Many homeowners have contractor horror stories, but the horror is even worse if you're an investor trying to make a living. As the saying goes, good judgment comes from experience, and experience comes from bad judgment.

You have one thing on your side right now: The housing market slowdown means more contractors are looking for work. The trick is finding the best, most dependable contractor or contractors for a long-term relationship.

To do that, ask yourself these six questions as you begin calling around.

1. Do they return your calls?

If the contractor is hard to reach, that's a warning sign. If they don't return your calls before you hire them, they're not likely to do much better once they're on the job.

Also, consider what backup they have. If they're unavailable, do they have someone to help answer your questions? Do they seem organized? Will the work continue if they're unavailable?

With the real estate industry in a recession and contractors looking for work, there should be no excuse now for contractors not returning phone calls to investors looking to hire them. Their work pipeline is slowing down. When the phone rings, they should answer or return calls promptly. Make appointments for estimates only with ones who do.
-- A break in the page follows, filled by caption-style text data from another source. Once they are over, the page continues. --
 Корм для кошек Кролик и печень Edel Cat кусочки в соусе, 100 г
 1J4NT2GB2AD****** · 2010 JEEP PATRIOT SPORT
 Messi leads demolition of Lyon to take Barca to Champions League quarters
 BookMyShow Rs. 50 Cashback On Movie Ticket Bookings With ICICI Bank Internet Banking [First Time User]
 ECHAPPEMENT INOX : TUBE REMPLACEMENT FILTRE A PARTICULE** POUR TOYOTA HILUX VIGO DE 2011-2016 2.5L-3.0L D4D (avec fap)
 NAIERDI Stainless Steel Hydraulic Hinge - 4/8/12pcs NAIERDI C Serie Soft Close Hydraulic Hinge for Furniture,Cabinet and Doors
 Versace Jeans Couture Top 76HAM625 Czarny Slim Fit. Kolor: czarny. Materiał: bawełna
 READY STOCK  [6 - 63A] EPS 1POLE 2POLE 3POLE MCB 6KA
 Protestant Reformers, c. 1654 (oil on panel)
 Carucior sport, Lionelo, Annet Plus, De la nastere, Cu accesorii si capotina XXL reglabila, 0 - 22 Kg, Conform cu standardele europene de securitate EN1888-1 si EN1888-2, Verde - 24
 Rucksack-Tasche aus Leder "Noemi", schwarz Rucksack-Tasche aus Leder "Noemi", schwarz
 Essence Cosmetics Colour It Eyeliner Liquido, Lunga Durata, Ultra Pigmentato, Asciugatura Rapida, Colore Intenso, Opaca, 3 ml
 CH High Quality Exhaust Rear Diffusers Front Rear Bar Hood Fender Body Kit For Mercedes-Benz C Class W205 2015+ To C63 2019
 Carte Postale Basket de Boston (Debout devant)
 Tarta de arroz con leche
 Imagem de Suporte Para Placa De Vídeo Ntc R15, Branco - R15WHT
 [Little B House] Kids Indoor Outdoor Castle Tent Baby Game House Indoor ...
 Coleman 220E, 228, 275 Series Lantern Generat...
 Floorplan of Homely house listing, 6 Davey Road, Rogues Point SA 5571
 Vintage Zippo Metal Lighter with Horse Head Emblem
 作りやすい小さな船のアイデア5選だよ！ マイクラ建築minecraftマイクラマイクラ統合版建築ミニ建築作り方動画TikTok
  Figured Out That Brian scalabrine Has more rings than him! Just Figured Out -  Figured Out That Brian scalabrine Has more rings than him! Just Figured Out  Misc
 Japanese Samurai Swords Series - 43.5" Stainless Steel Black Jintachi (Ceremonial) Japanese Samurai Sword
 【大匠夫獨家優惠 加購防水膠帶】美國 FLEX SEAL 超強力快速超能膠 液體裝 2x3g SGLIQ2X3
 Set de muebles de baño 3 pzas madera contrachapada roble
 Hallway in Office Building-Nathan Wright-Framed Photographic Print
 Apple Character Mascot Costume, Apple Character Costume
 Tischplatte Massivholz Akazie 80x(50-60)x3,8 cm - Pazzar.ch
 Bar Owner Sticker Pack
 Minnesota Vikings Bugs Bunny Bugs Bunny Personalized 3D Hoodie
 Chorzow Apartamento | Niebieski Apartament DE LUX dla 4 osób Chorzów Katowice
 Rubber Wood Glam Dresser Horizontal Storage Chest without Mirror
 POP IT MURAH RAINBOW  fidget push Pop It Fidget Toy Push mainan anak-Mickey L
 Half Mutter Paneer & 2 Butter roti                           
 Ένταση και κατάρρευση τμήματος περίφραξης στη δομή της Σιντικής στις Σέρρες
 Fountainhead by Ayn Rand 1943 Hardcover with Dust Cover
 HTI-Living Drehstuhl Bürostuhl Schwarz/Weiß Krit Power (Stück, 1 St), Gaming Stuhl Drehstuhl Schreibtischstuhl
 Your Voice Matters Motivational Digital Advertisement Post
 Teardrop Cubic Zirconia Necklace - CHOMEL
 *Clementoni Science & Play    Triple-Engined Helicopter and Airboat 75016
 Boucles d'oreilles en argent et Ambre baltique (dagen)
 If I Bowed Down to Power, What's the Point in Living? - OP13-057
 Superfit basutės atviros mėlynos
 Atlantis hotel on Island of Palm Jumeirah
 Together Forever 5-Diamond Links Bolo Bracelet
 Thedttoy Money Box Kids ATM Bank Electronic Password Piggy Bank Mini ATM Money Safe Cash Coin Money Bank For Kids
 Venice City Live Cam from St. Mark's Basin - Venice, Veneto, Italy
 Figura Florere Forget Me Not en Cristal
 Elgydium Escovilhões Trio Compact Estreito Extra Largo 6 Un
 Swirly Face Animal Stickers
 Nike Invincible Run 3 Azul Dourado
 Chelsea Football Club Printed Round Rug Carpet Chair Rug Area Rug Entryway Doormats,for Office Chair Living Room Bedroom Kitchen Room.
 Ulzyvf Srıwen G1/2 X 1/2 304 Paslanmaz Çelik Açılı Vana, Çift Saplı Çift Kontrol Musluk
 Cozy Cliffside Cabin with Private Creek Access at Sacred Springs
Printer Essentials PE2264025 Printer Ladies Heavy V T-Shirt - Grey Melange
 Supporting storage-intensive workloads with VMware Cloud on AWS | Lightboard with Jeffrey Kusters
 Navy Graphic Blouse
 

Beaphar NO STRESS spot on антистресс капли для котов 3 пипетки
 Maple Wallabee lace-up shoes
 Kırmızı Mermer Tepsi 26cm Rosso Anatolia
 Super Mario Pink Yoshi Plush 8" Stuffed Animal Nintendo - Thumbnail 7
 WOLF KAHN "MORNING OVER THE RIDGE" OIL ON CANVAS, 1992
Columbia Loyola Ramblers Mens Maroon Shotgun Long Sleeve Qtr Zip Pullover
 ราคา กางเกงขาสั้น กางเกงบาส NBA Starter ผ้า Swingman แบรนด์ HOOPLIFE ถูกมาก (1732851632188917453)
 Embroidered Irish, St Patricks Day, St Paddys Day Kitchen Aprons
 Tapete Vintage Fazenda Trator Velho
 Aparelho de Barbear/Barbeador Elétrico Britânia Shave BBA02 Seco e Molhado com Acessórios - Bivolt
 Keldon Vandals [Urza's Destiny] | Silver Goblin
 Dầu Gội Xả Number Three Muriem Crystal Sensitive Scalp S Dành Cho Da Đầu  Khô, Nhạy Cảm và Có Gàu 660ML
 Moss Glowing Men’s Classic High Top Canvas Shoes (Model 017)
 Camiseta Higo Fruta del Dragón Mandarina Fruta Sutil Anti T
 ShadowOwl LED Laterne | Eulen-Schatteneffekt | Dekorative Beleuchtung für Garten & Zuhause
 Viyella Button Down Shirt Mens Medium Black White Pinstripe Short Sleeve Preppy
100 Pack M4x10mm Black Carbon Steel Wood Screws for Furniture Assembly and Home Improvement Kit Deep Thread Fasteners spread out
2. Do they show up on time for your estimate?

When you meet with a contractor for the initial estimate, do they show up on time? If they don't, do they at least let you know they're running late and offer a decent reason?

Again, with work slowing down, contractors have little excuse not to show up on time to meet an investor.

3. How much interest do they show in your work?

This is what investors call the "lean-in" factor. As you’re walking through the job, is the contractor actually showing interest in the work?

If they’re making useful suggestions to help you flip the property, that's a good lean-in sign that identifies a future working relationship. Likewise, if the contractor returns an estimate a few days after your initial walk-through, that's another good sign of a budding partnership.

With work drying up, a smart contractor will want to impress you from the start to build a relationship for steady work. They should know it’s "one game at a time," and you can’t start the next project until you sell the current one. So it’s in their interest to finish on time, on budget and with good quality, so the sale isn’t delayed with a lengthy punch list before closing.

4. Do they demonstrate pride in their work?

You want a contractor who cares about doing a good job.

Do they have a sign in the yard of a home they’re already working on? Is the job site neat? Are the workers working? Do they have professional equipment? Are they operating safely with personal protective equipment?

Does their estimate look professionally written? How detailed is it? Does it truly describe the work required?

5. How aware are they of the current building code?

A good general contractor should know about the code and any recent changes. They also should know the city and county inspectors and what they look for.

You might ask, "Any recent code updates that affect this job?" Or even ask them a specific code question to see how they respond.

For example, here in Maryland, as of 2018, smoke detectors older than ten years must be replaced with hardwired AC ones with battery backups. The old 9-volt battery standalone smoke detectors don’t meet code. Does your GC know those little things?

6. Do they check out online?

Do your due diligence. Go to the Better Business Bureau and other websites to check on complaints. If a contractor has detailed complaints against it that appear credible, that's a red flag.

Also, check on their license status. Just because they have a license number on their business card doesn’t mean the license is active. Almost every state has an easy way to check the status of licensees and what they can and can’t do. Google "California contractor license search" or whatever state you're in to find the licensing site.

Bottom line: Develop a relationship with dependable contractors

The best guarantee of a good contractor is a mutually beneficial relationship.

You've done your part if you provide your contractors with a flow of work and pay them a fair price. And if they work as a true partner and do the job you expect, they've done theirs.

Like all relationships, it might take some work, but the payoff is there for those who do it well.